(What is expected):
Transcribe exactly the line containing "1713 S Michigan Ave - Photo 3 of 10" and the remaining lines of the listing below, through the very last.

** Opening Extracted information block **

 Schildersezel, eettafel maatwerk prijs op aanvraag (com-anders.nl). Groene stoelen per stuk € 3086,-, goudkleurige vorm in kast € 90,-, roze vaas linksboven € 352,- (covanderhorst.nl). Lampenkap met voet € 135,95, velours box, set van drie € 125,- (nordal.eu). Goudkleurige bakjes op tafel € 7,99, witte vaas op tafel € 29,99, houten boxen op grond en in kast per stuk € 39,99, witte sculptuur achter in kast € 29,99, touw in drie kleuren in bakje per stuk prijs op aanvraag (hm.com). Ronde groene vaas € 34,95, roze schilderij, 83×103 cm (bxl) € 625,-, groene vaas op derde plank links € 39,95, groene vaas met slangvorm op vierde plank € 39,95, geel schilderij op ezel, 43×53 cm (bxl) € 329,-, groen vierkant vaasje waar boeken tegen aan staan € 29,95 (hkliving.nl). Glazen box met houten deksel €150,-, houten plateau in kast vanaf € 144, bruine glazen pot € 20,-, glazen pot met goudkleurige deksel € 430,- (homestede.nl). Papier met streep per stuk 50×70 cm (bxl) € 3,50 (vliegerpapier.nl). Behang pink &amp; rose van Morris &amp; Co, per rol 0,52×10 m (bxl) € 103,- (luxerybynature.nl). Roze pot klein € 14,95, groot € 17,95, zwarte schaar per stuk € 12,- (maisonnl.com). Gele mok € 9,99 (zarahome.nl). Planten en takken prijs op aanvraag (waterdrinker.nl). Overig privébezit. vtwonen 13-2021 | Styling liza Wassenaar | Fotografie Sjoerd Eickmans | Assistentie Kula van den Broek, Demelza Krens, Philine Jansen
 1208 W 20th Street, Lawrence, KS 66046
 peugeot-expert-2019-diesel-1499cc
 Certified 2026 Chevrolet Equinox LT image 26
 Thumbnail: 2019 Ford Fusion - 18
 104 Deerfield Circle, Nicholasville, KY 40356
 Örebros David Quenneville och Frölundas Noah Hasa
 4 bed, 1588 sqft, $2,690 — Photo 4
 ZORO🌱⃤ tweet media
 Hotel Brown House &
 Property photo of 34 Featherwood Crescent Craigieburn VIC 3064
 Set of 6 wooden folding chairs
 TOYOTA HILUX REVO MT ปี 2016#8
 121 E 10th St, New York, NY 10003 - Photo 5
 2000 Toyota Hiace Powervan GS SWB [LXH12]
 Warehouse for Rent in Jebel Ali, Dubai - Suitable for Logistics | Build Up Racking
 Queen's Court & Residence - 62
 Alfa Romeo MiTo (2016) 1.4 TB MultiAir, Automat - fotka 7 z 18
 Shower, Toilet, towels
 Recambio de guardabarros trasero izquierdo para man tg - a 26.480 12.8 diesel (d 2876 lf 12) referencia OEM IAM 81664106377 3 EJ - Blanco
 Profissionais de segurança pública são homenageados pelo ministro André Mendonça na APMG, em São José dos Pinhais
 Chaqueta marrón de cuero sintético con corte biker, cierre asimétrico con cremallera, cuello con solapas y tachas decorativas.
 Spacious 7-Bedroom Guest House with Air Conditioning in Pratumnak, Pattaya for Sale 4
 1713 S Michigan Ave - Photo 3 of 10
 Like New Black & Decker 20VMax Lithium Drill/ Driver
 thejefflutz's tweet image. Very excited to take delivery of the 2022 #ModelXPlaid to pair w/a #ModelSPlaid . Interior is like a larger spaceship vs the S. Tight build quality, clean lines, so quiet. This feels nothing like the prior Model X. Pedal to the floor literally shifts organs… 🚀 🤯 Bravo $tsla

** Closing Extracted information block **

(Solved exercise):
 1713 S Michigan Ave - Photo 3 of 10
 Like New Black & Decker 20VMax Lithium Drill/ Driver
 thejefflutz's tweet image. Very excited to take delivery of the 2022 #ModelXPlaid to pair w/a #ModelSPlaid . Interior is like a larger spaceship vs the S. Tight build quality, clean lines, so quiet. This feels nothing like the prior Model X. Pedal to the floor literally shifts organs… 🚀 🤯 Bravo $tsla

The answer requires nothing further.